About a month ago when we were having continually wet weather Millie's feet and legs got very bad matted. I was quite shocked when I realised how bad they were and felt bad for not realising sooner although matts can 'appear' quite quickly at times. She hates me touching her paws and I struggled to de matt them so I booked her in with a local groomer who had the usual repsonse of "It will probably be easier to shave it all off and start again"! I couldn't get in for a couple of weeks and then had to rearrange again and eventually got in there today. Whilst waiting for the appointment though I decided to just take every opportunity and actually cut the matts out knowing Millie would never let me use the de matter on her. Despite having mismatching paws and scruffy looking legs I eventually got them all out and this morning managed to clipper her legs so they looked a bit more even.  I still wanted their claws trimming and Millie needed her ears looking at so I still went for the appointment.
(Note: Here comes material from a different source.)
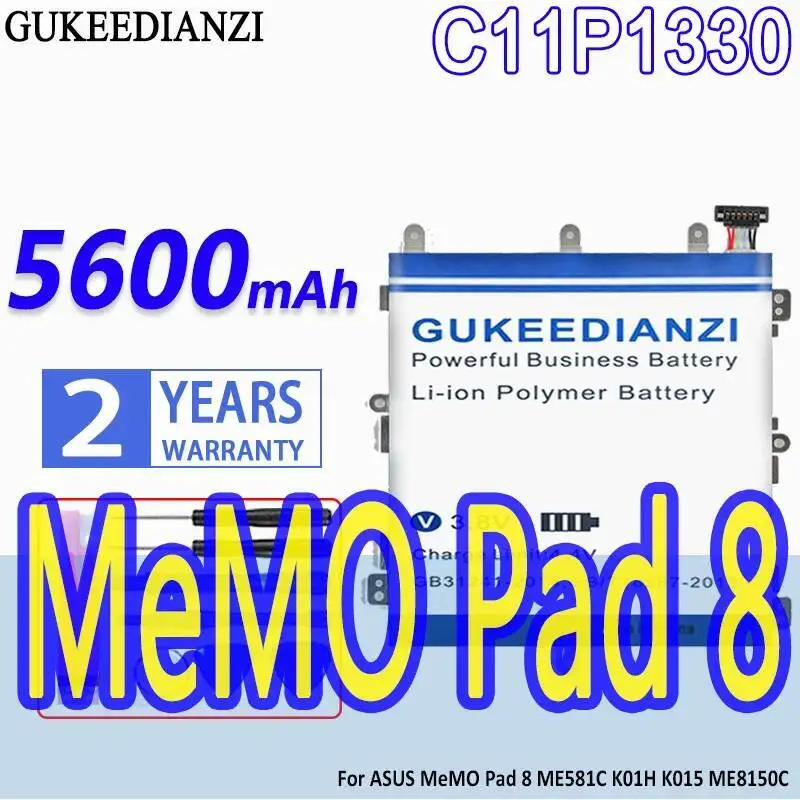 

Premium Replacement Tablet Battery 5600Mah C11P1330 For Asus Memo Pad 8 ME581C K01H K015 ME8150C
When I arrived the groomer started to look them over and then said..."so why have you bought these two here when they are so beautifully groomed?" :whoo:  Considering my 'do it when you can' and 'make it up as you go along' grooming method I was very chuffed! 

She said their claws were fine but poor Millie has serious ear hair problem and will need to go for a couple of visits so that it can be done gradually. I am going to be braver though and try and start them. Millie is such a placid little dog but REALLY hates being groomed especially ears and feet so I will have to use lots of rewards and try not to put her off the experience.


----------



## JulesB (Mar 6, 2011)

Well done you!! They look gorgeous!!


----------



## wilfiboy (Sep 18, 2010)

They look lovely Sarah, super job x


----------



## lady amanda (Nov 26, 2010)

They are so darn cute

Sent from my Galaxy Nexus using Tapatalk 2


----------



## Jedicrazy (Apr 26, 2011)

Well done Sarah! You must have been chuffed at the compliment :twothumbs: What a great photo, they both look fab in their bandanas!
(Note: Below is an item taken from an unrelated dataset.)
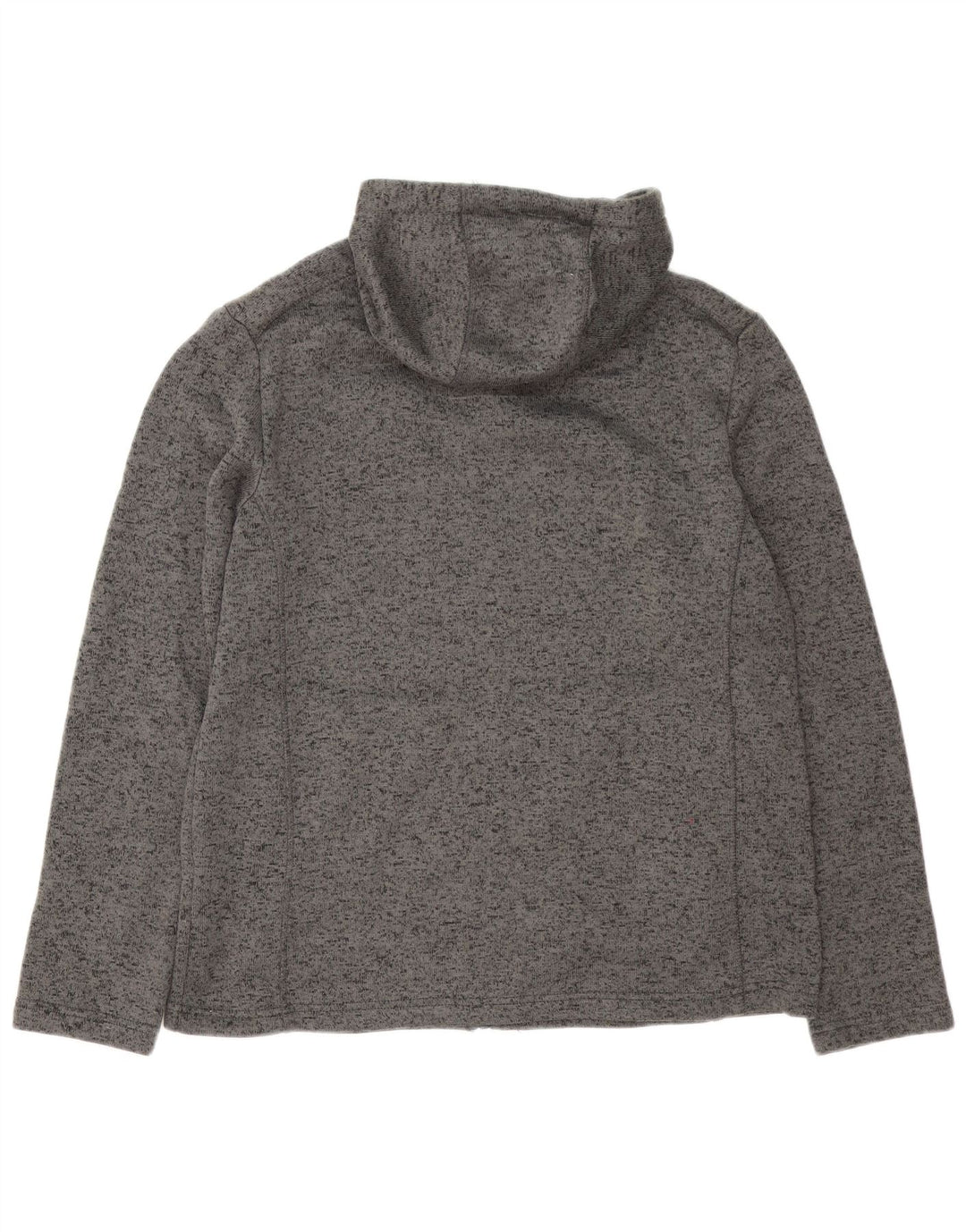 Mountain Warehouse Suéter con capucha y cremallera para hombre XL Poliéster moteado gris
Btw, Obi has terrible hairy ears and they are a nightmare to pluck and keep clean. Little and often is how I try to do it with the hair plucking.


----------



## Muttley Brody (Feb 14, 2012)

Well done, you must be chuffed with comments like that. They do look lovely and I love the bandanas. A lot of dogs don't like their paws groomed - I wonder why?


----------



## colpa110 (Jul 5, 2011)

Well done Sarah, it's always nice to receive a compliment...
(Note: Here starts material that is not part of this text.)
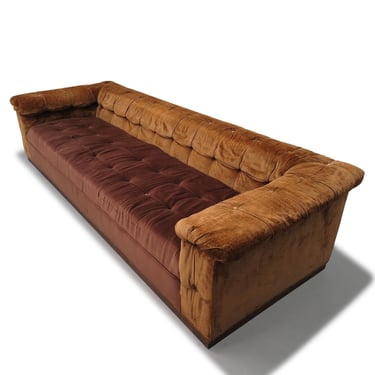 Edward Wormley for Dunbar, The Party Sofa, Model 5407, Original Fabric for Reupholstery.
I think the secret is just having the confidence to give it a go and not
getting too hung up on if you''are doing it right''..etc..

I thought both Daisy and Millie looked fab on Sunday


----------



## Janev1000 (Oct 4, 2011)

Well done Sarah. I know what it's like as Biscuit HATES having his paws combed and keeps trying to bite me or the comb but I keep a firm hold on him. I had to cut out lots of matts there too on holiday as it seemed the kindest way but now we've had a chance to clip him, it's not noticeable any more. We also had to cut huge chunks off on each side of his bottom, as it had become badly matted, which did make him look a bit odd! The combination of sea water and strong winds made him matted in minutes! x


----------



## Dextersmum (Feb 9, 2012)

Well done! What a good mummy you are to your two gorgeous girls 

Dexter has very hairy ears but hates me touching them. It takes two of us,one to hold his head and the other to pluck. He needs it doing now actually..
He also hates me grooming his feet so now he has a mat on three of his feet. I cut one off but I've yet to get to grips with the others!


----------



## Mogdog (Feb 6, 2011)

Well done with the grooming ... they look fab! x


----------



## MillieDog (Jun 1, 2011)

Well done Sarah, sounds like a hugely successful and brilliant job. Big pat on the back to you 

Millie hates her paws being done, but its the one thing I can actually do in the bath. After lots of conditioner, I simply comb through the paws (feet bit really) and its just enough for her to tolerate. It makes grooming them when she's dry a whole lot easier.

When you remove the hair from the ears are you using the ear powder?


----------



## Ali79 (Mar 30, 2011)

Well done Sarah -knew you could do it and also save yourself a fortune :whoo::hug: x


----------